Ruang Berita Terpercaya untuk Anda

Cekcok Mahathir–Anwar Memanas, Trump Kembali Ancam Iran dengan Serangan Militer

ByAdmin Gelanggang

Jul 23, 2025

Ketegangan politik dan geopolitik mewarnai minggu ini dengan dua isu besar: perselisihan panas antara dua tokoh politik senior Malaysia, Mahathir Mohamad dan Anwar Ibrahim, serta pernyataan keras dari mantan Presiden Amerika Serikat Donald Trump yang mengancam akan menyerang Iran kembali.

Anwar vs Mahathir: Sengketa Lama Mencuat Lagi

Perdana Menteri Malaysia, Anwar Ibrahim, menyatakan bahwa mantan PM Tun Dr. Mahathir Mohamad bertanggung jawab atas keputusan penarikan klaim terhadap Pulau Batu Puteh. Meski menyebut adanya kesalahan, Anwar menegaskan bahwa pemerintah tidak akan membawa Mahathir ke jalur hukum. Alasannya: faktor usia Mahathir yang telah menginjak 100 tahun dan kekhawatiran akan reaksi negatif dari oposisi.

Kabinet pun sepakat menghentikan penyelidikan pidana terhadap Mahathir, meskipun pengakuan kesalahan sudah disampaikan secara terbuka. Anwar menyatakan bahwa jika pemerintah bersikeras menyeret Mahathir ke pengadilan, akan muncul tuduhan bahwa mereka tidak berperikemanusiaan terhadap seorang tokoh tua yang juga mantan pemimpin negara.

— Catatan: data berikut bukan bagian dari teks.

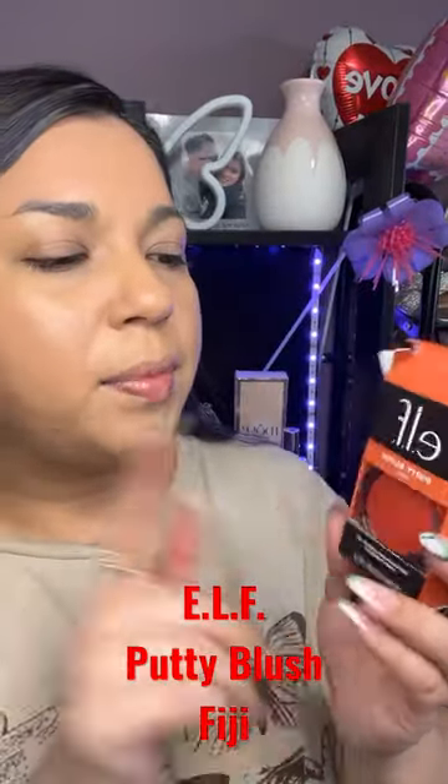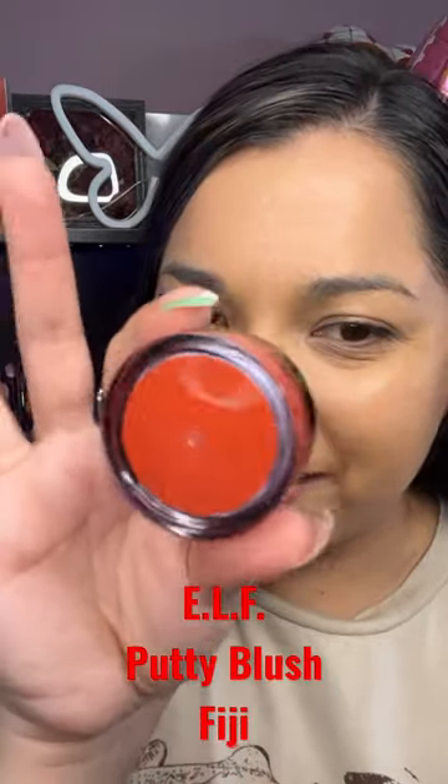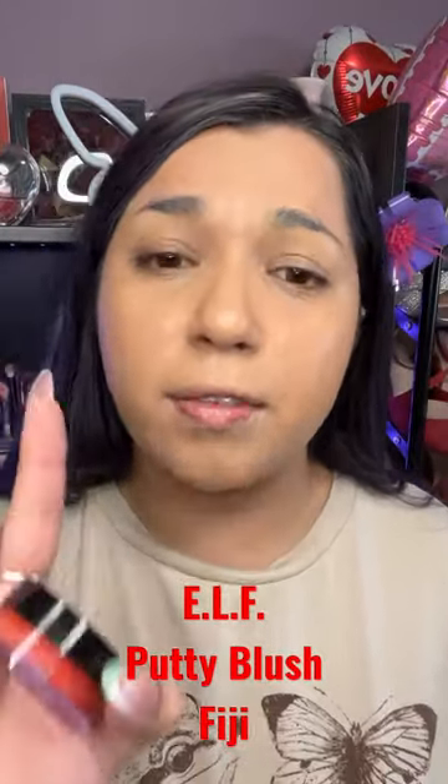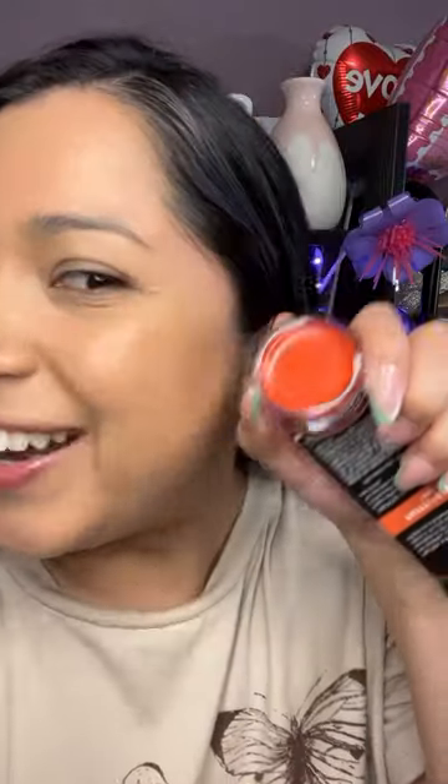This is the new putty blush in Fiji — well, it's not that new, but it's kind of new to me. I love this formula. I do have this in Tahiti and I freaking love that one — that one's very very bright pink. This one is very red.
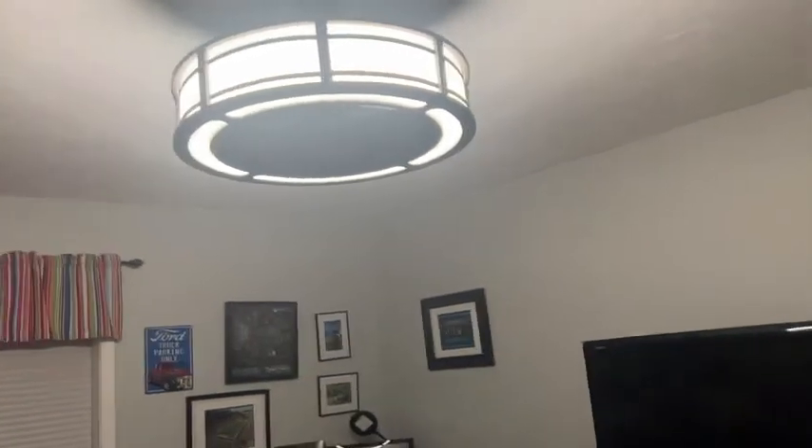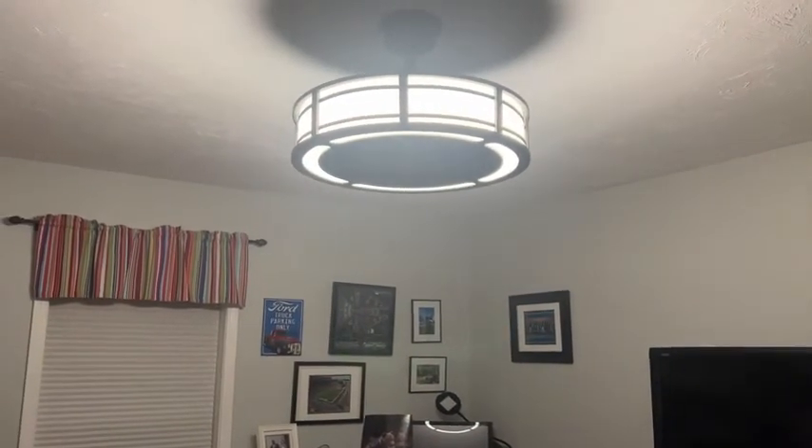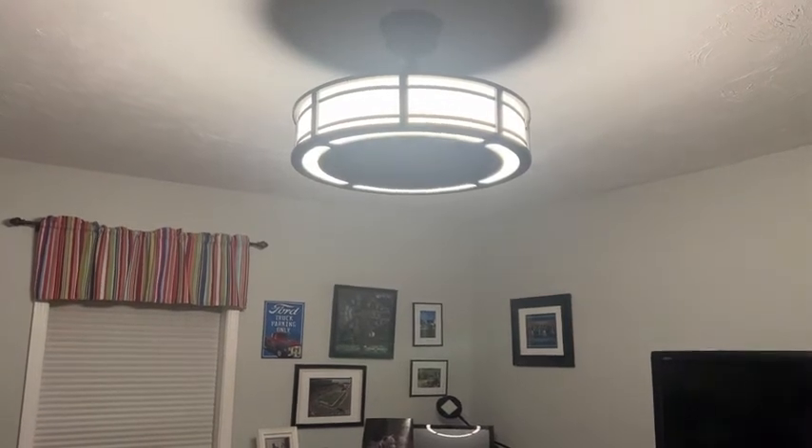Overall, we're really happy with the fan. We're happy that we have something that is modern looking with a nice aesthetic that matches our decor. I just wanted to share that feedback — that's just my point of view.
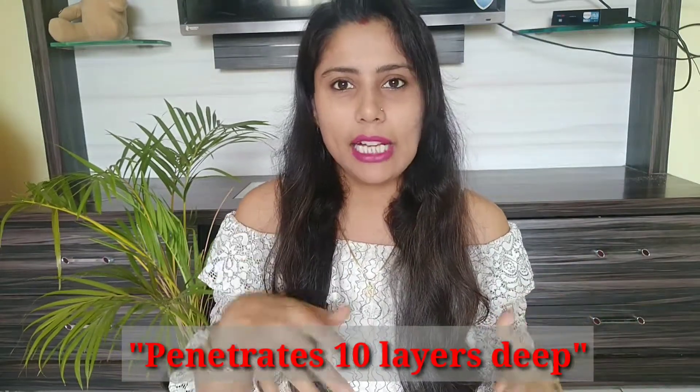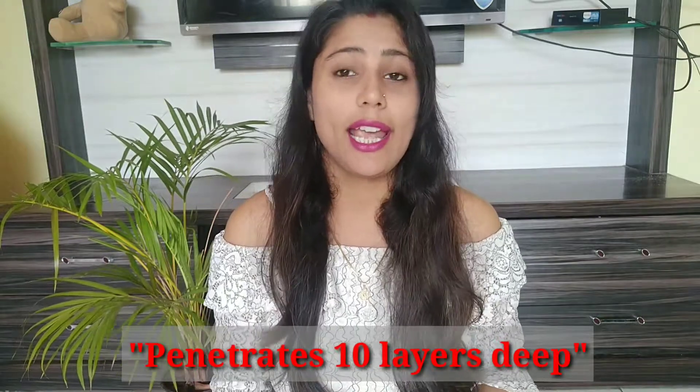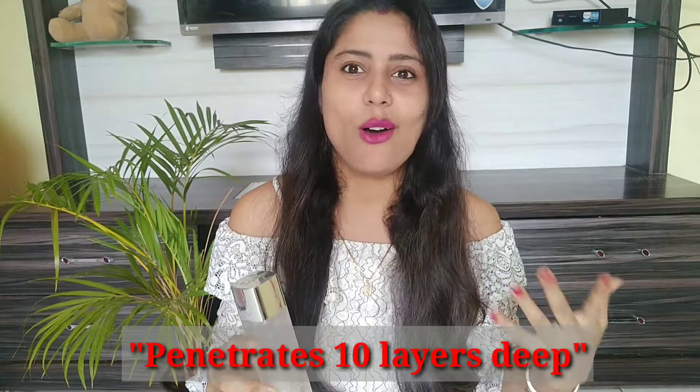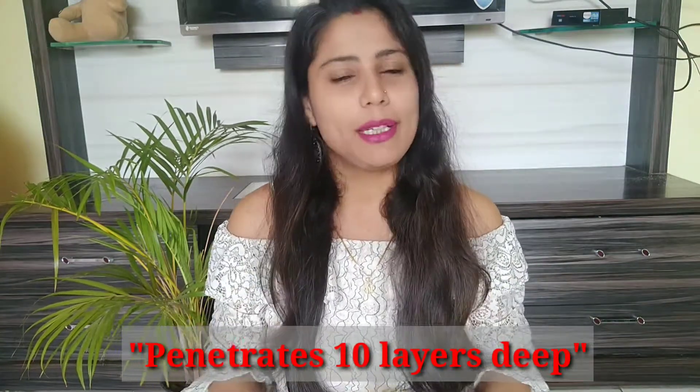I am going to talk to you about this. First of all, let's talk about L'Oreal Paris Crystal Micro Essence and what it is doing for your face. It penetrates 10 layers of your skin because it is in liquid form, and this is the most unique and different product. As many skincare products don't come in liquid form — they come in serum form or cream form — but this is liquid form, so it will repair your skin from under and repair your skin deeply.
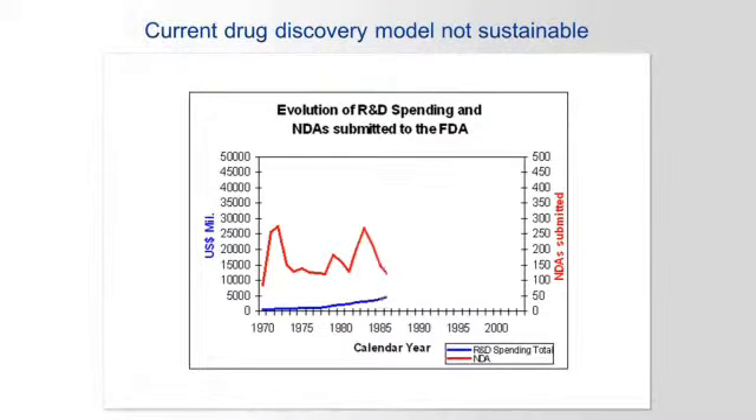Thirdly, we understand the challenges facing the pharmaceutical industry. Currently, early phase drug discovery is expensive and still results in late phase drug failures.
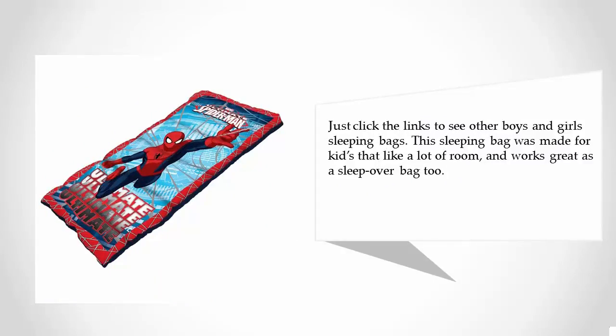This sleeping bag was made for kids that like a lot of room, and works great as a sleepover bag too.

Langkah ini kembali membuka luka lama hubungan politik antara Anwar dan Mahathir, yang selama puluhan tahun silih berganti antara menjadi sekutu dan rival.

Trump Ancam Serang Iran Lagi

Sementara itu di panggung internasional, mantan Presiden AS Donald Trump kembali mengeluarkan peringatan keras terhadap Iran. Dalam unggahan di platform Truth Social, Trump menyatakan bahwa AS siap untuk kembali menyerang fasilitas nuklir Iran “jika diperlukan”.

Ancaman ini muncul setelah Menteri Luar Negeri Iran, Abbas Araghchi, mengakui bahwa fasilitas nuklir mereka mengalami kerusakan parah akibat serangan udara AS pada 22 Juni 2025. Serangan itu menyasar situs-situs sensitif di Fordow, Natanz, dan Isfahan, dan dilakukan dengan kombinasi rudal Tomahawk serta pesawat siluman B-2.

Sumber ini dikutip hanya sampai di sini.